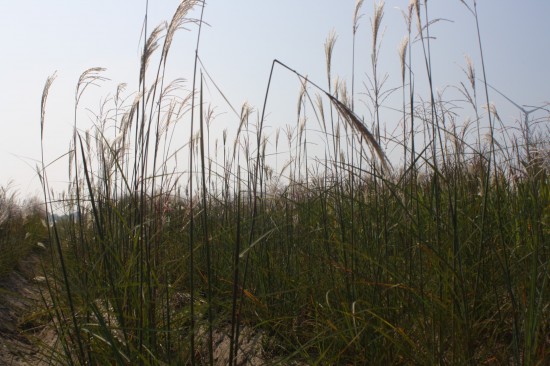Miscanthus sinensis kupfenberg
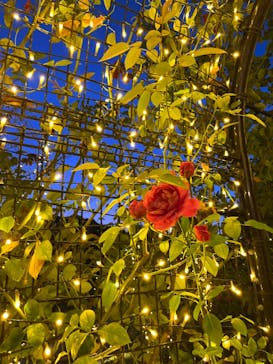 いばらきフラワーパークに投稿された画像（2023/11/2）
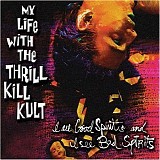 My Life With The Thrill Kill Kult - I See Good Spirits And I See Bad Spirits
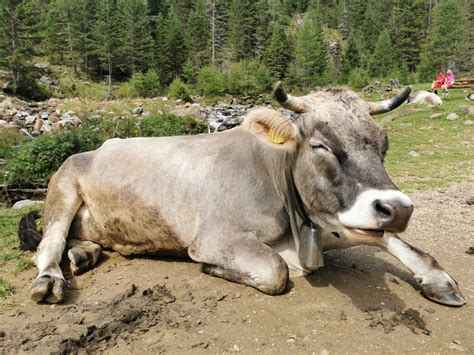 Vitello Vitellone Bovino E Manzo Quali Differenze Impara A Fare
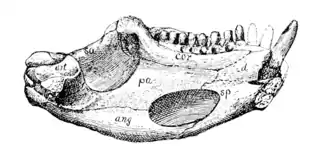 The Osteology of the Reptiles p31 Fig-17.png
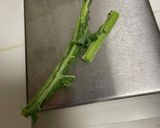 見た目はケール。味はトマトの初夏ジュース作り方4写真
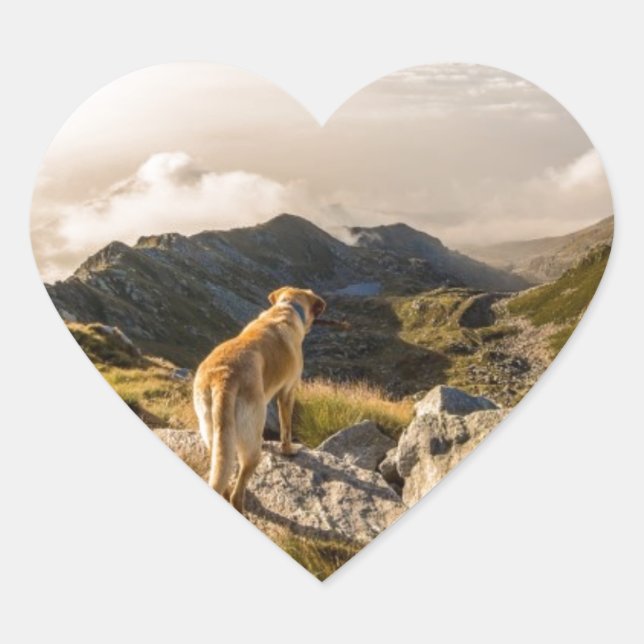 Adesivo Coração A jornada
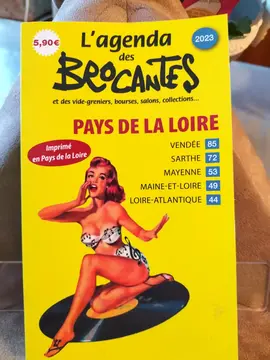 livre des brocantes et vides greniers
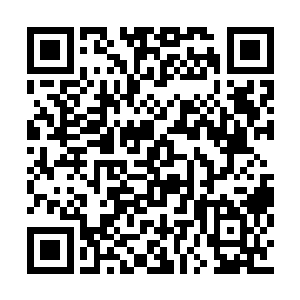 偏将眼看着自己的佩剑就要将孙子轩给砍成两半二维码生成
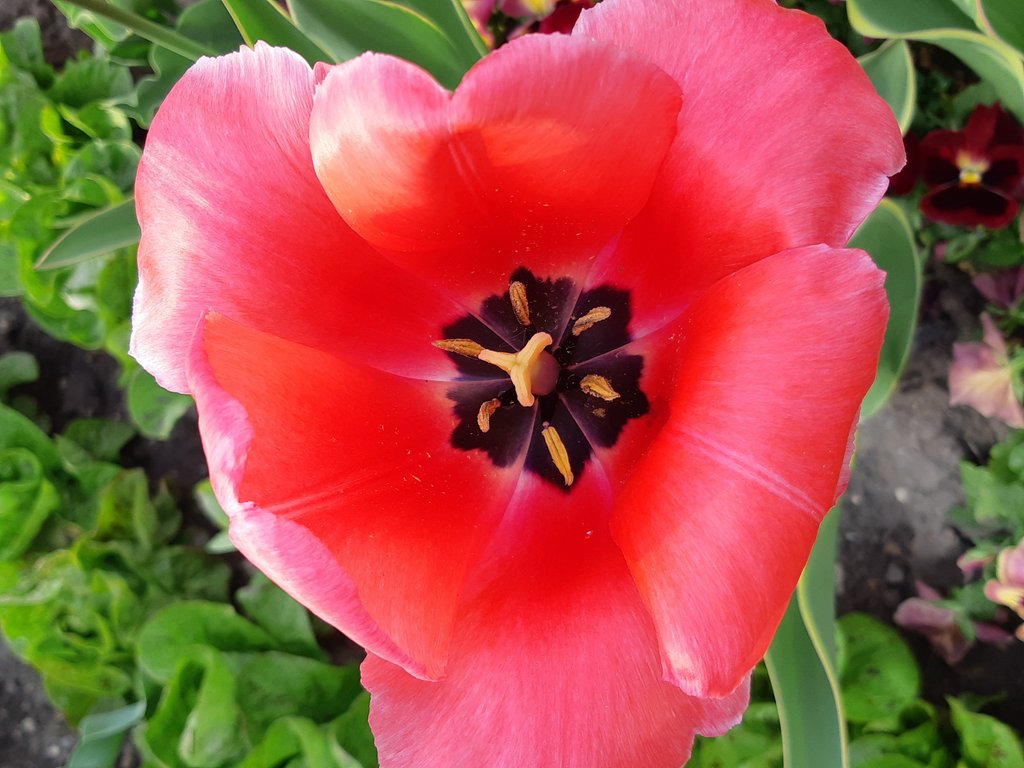 2019. Eden fotok 6.b  047.jpg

※ ※ ※

- _INSTRUCTIONS TO FOLLOW_:
Give back each line above exactly, with pictures dropped.

- _RESPONSE TO THE EXERCISE_:
Miscanthus sinensis kupfenberg
 いばらきフラワーパークに投稿された画像（2023/11/2）
 My Life With The Thrill Kill Kult - I See Good Spirits And I See Bad Spirits
 Vitello Vitellone Bovino E Manzo Quali Differenze Impara A Fare
 The Osteology of the Reptiles p31 Fig-17.png
 見た目はケール。味はトマトの初夏ジュース作り方4写真
 Adesivo Coração A jornada
 livre des brocantes et vides greniers
 偏将眼看着自己的佩剑就要将孙子轩给砍成两半二维码生成
 2019. Eden fotok 6.b  047.jpg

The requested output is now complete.